TORONTO — The old and unused kiln tracks did not pulsate as the tires of electric wheelers silently rolled in at Toronto’s Evergreen Brickworks.

It was 7:45 p.m. last Friday, when about 40 riders gathered at the Brickworks to charge their vehicles, rest and chat before continuing their journey towards Ashbridge’s Bay, in the city’s southeast.

The riders belong to a Facebook group called Toronto E-Riders, founded in 2016 by Wen Huai Hsu, who goes by Jack.

Jack (front row third from the left) )with the initial members of the E-Rider’s group in one of their first rides. [Photo courtesy of Wen Huai Hsu]

Jack was not among Friday night’s riders but he called from China, where he now works at a company that produces Electric Unicycle (EUC).

Jack said he got bored riding by himself after he bought his first electric rideable — or personal electric vehicles (PEVs) — in 2014 and used it to commute frequently.

“I wanted to share this new technology with other people, with like-minded people, people who may have already had this and wanted to ride with other like-minded people, or people who knew nothing about it,” said Jack.

That led him to create the Facebook group, offering a platform where people could communicate about their passion for EUCs.

The group initially had about 20 members of only EUC riders. Later Jack decided to make it more inclusive by welcoming people with all kinds of PEVs including E-scooters and skateboards, Segways and hoverboards. Now Toronto E-Riders has about 1,600 members.

Besides sharing information about PEVs, members organize group rides along different trails and streets in the city.

Brett Brownlee, one of the administrators of the Toronto E-Rider’s Facebook page, arranged Friday’s ride from Queen’s Park to Ashbridge’s Bay and back.

Toronto E-Riders on the Sunset Cruise on Friday night on August 6. [Video courtesy of Alfonz Nguyen]

Brownlee said riding with others provides safety and comradeship.

“There’s all sorts of friendships that grow from this and if we need things, even in the space of electrics or out, then there’s all sorts of people here to help you,” Brownlee said. “It’s like my second family now.”

He said for the 2021 season they have two popular rides, the Sunset Cruise on Friday nights where anyone with a PEV can join and the Electric Racing League, which takes place in a closed course at Ontario Place on Wednesday nights.

“There’s all sorts of friendships that grow from this and if we need things, even in the space of electrics or out, then there’s all sorts of people here to help you.”

Brett Brownlee, one of the administrators of the Toronto E-Rider’s Facebook group

There are other rides covering anywhere between 15 and 100 kilometres. Alfonz Nguyen, who rides a E-scooter, organizes long-distance rides.
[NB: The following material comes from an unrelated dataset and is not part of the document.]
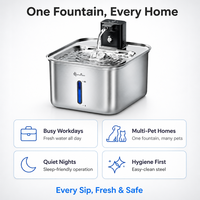 Fontaine à eau pour animaux de compagnie en acier inoxydable, à circulation automatique avec capteur et fenêtre de niveau d'eau, pour chats et chiens, utilisation en intérieur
Earlier this year they went to Niagara Falls and back.

“I have to plan where to start, where to stop to charge so everybody can make it safely,” he said.

Alfonz explained that since the battery range for all the PEVs are not same, they choose distance between charges based on the rider with the smallest batteries.
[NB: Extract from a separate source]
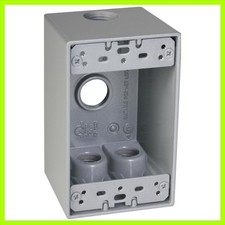 Compact Gray 1-Gang Weatherproof Outlet Box for Outdoor Use - Secure Reliable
“That way no one will be left behind or fall behind because they run out of batteries,” he said.

Ensuring safety

Another ride organizer, Caelan Ho, said they prefer riding on roads instead of bicycle lanes to keep bikers and pedestrians safe.

“If we’re on the road, we could just, you know, take up the whole lane,” he said, “And it makes us feel safer, and also safer for everyone else.”

Though PEVs do not require a license and are limited to a speed of 32 kilometres an hour in Ontario, accidents can happen.

Even at 53, Andy Jenicek, (back row, second from right) is into riding cool rides. [Photo courtesy of Andy Jenicek]

“There’s still lots of work to be done as far as the safety of these vehicles,” said Andy Jenicek, one of the first members of the group.

Batteries can heat up and catch fire, but in recent times improvements have been made to prevent such incidents, he said.

But the other problem, Jenicek said, occurs when riders turn off a safety feature that beeps when the batteries are running low, and the wheel is in risk of shutting off.

“The wheel loses power, the rider basically flies forward like Superman, depending on how fast they’re going,” Jenicek explained.

He said if measures are put in place so a user cannot modify the safety features, then injuries from accidental shut offs can be prevented.

PEVs would also be a good way to replace gasoline-run vehicles in urban settings, said Andy.

Jack seconded him. “It’s a lot cheaper than getting onto a GO bus or, or whatnot and you can combine it with public transport, too.”

“If the cars were limited to outside of the city and just electric vehicles to get around, then there would be a lot more people getting around and without the smog created by gasoline vehicles,” Andy said.